You say you're not good with the math for this stuff, so I'll make an attempt to explain the basic principles of air springs.

The math behind an air spring is based on Boyle's law, which states that the initial pressure times the initial volume of a closed container is equal to the final pressure times the final volume, or P1 * V1 = P2 * V2.

An example calculation goes as such: I start with a piston/cylinder assembly that is 6" long with a 1" diameter piston, pressurized to 100 psi. If I compress the cylinder to 3", the pressure goes to 200 psi. Compressing to 1.5 inches makes the pressure 400 psi. If the chamber is compressed to "0" length, theoretically the pressure goes to infinity.

So essentially, the pressure doubles every time the volume of the chamber is halved. This makes a force curve that is "progressive." The force from the air spring is not directly proportional to the compression of the spring.

This is different from a coil spring, which is governed by Hooke's Law, which states that the force from a spring is equal to the "spring rate (lbs/in)" times the distance the spring is compressed from its free length, or F = k * x. This gives a "linear" spring curve, because plotting force vs. displacement gives a straight line, just like y = m*x + b.

Back to air springs, the reason people want larger or smaller air chamber sizes is to change how progressive the spring curve is. For a set amount of travel, say 130 mm, the air chamber volume is reduced by a set amount when going from full extension to full compression, equal to the travel (130 mm or whatever) multiplied by the area of the air piston, I'll call this the used volume.
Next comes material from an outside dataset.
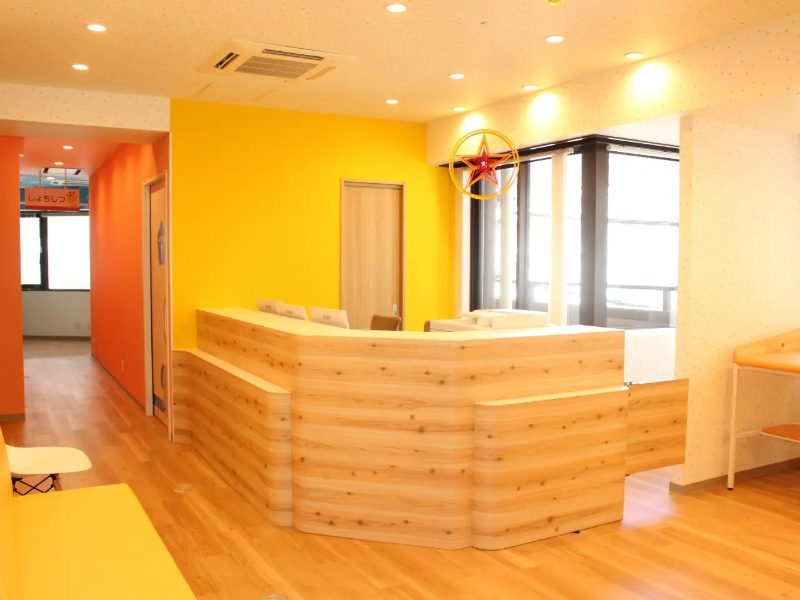 恵比寿こどもクリニック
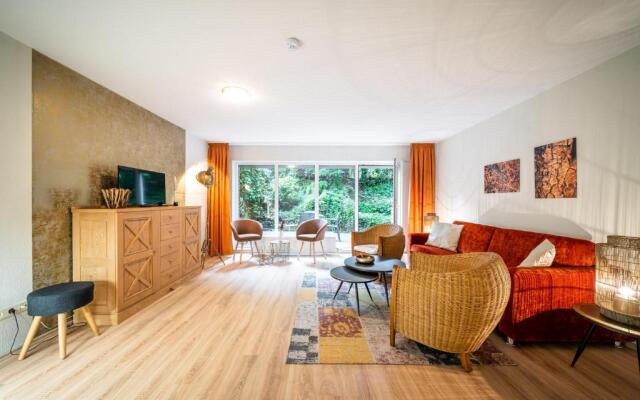 Waldhotel Tannenhäuschen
This used volume is subtracted from the initial volume to get the final volume used in Boyle's law.

If the initial volume is equal to the used volume (which it never really is), then the final volume at full compression equals zero, leading to a theoretically infinite final pressure. This is an exaggeration of a "small air chamber volume." You can see that the spring curve ramps up a lot as travel is used. This is very progressive. A setup with a small air chamber will ramp up more at the end of the travel. One characteristic of a small air chamber is that it is harder to bottom.

The other end of the spectrum is to use a very large initial volume. Say the initial volume is ten times the used volume. The final volume will be 90% of the initial volume, which is not a big change. Because the volume doesn't change very much, the pressure doesn't change very much from full extension to full compression. This makes the curve much less progressive. One characteristic of a large air chamber is that it will bottom easier in comparison to a small air chamber.
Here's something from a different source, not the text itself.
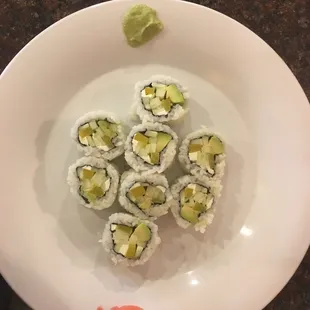 sushi and sashimi, sushi, sashimi, food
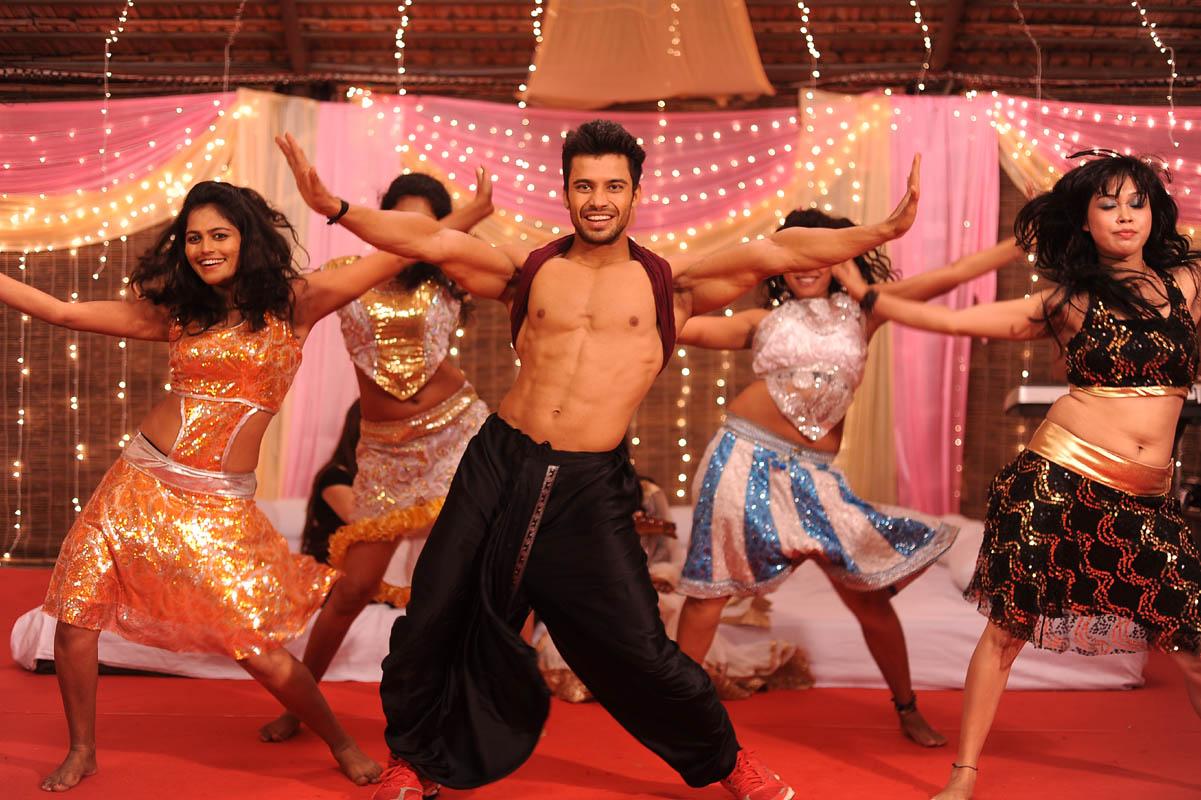 Best Friends Forever Movie Stills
That's the basic theoretical background for air springs. I'm sure I wasn't clear on everything, and probably forgot to mention some things, but that should get you started on understanding the math behind air forks. I've barely scratched the surface on explaining how the theoretical stuff relates to real world applications, and honestly, I don't think I could do a good job of that anyways. Feel free to ask for clarification or further explanation, and please feel free to correct me if I made a mistake, I'm just trying to help :thumbsup:.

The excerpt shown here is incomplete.